Question

Is it possible to create several Enumerators out of a single Enumerator ? What I'm looking for is the equivalent of List.partition that returns a (List[A], List[A]) , such as

List().partition(_.age >= 18) 

So ideally, I'd like to apply a transformation on an Enumerator that allows me to partition the data so that I get a (Enumerator[T], Enumerator[T]) pair.

Is that easily doable using Play's Iteratee API ?

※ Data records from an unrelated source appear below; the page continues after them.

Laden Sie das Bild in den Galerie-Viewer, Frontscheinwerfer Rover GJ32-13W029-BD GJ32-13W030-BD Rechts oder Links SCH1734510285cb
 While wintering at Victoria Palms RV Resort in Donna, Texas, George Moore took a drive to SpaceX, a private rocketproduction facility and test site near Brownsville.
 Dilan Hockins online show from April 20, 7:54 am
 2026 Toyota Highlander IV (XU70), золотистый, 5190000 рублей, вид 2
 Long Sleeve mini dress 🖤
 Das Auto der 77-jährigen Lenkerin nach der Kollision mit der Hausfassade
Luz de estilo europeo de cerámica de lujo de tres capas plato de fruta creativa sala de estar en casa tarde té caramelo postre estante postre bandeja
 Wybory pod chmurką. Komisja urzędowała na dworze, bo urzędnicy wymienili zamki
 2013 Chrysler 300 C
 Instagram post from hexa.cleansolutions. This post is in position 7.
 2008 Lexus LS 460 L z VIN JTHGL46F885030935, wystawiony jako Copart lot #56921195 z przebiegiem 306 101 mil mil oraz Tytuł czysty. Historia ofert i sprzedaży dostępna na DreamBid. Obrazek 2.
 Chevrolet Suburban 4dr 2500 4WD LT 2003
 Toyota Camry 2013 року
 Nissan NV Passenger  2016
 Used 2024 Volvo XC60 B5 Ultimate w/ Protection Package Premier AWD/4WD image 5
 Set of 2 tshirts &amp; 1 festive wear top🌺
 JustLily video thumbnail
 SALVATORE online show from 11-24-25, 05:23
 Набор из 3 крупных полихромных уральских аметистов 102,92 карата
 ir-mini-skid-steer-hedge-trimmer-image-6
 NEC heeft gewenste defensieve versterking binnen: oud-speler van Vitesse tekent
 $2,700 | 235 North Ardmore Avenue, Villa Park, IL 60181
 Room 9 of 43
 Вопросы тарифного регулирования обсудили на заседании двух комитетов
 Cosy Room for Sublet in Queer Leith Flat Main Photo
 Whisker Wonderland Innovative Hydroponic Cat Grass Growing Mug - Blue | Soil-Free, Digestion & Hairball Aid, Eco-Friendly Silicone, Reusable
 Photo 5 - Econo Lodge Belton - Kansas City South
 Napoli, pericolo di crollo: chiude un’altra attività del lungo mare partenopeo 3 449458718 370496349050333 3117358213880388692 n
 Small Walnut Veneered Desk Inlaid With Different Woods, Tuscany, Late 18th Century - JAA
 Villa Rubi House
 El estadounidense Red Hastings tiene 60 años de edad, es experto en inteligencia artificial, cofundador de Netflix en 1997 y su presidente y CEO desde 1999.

The closest thing I found is the Enumeratee.grouped method, which allows to group inputs, but as far as I understand, if all I want is 2 partitions (groups), I'll have to consume the entire Enumeratorto get a result. But I'd like the resulting Enumerators to be fed asynchronously from the input.

Was it helpful?

Solution

Unlike List, Enumerator doesn't represent a collection of data, but rather a data source that an Iteratee can be connected to. Data is streamed to the Iteratee as the Iteratee consumes the input. Because of this, it isn't well defined how the two Enumerator instances returned by this Enumerator.partition would behave. If the Iteratee consuming the first Enumerator is ready for more input, but the second isn't, what happens? Does the first one just have to wait? Does data get buffered up for the second one? What happens if one of the two Iteratee instances says it doesn't need any more input, or dies with an error? Do we kill the other one? Do we let it keep going, throwing away the data originally meant for the dead Iteratee?

Because of this, there can't really be a single canonical partition method, like there is for List. You could certainly write one, that behaves the way you want it to, but in actual practice it might be easier to have a single Iteratee do all the processing. If you are looking for partition because you want to run the two streams in parallel, you probably want to use Akka. If you just want to have the pipelined parallelism that the Iteratee API provides, you could have an Enumeratee[Whatever, Either[Whatever]] that would allow later Enumeratee instances to only convert the part of the stream that they need to.

If you are willing to indulge in the black magic that is monad transformers, then I think there might be a way to use something like Haskell's EitherT. But don't do that.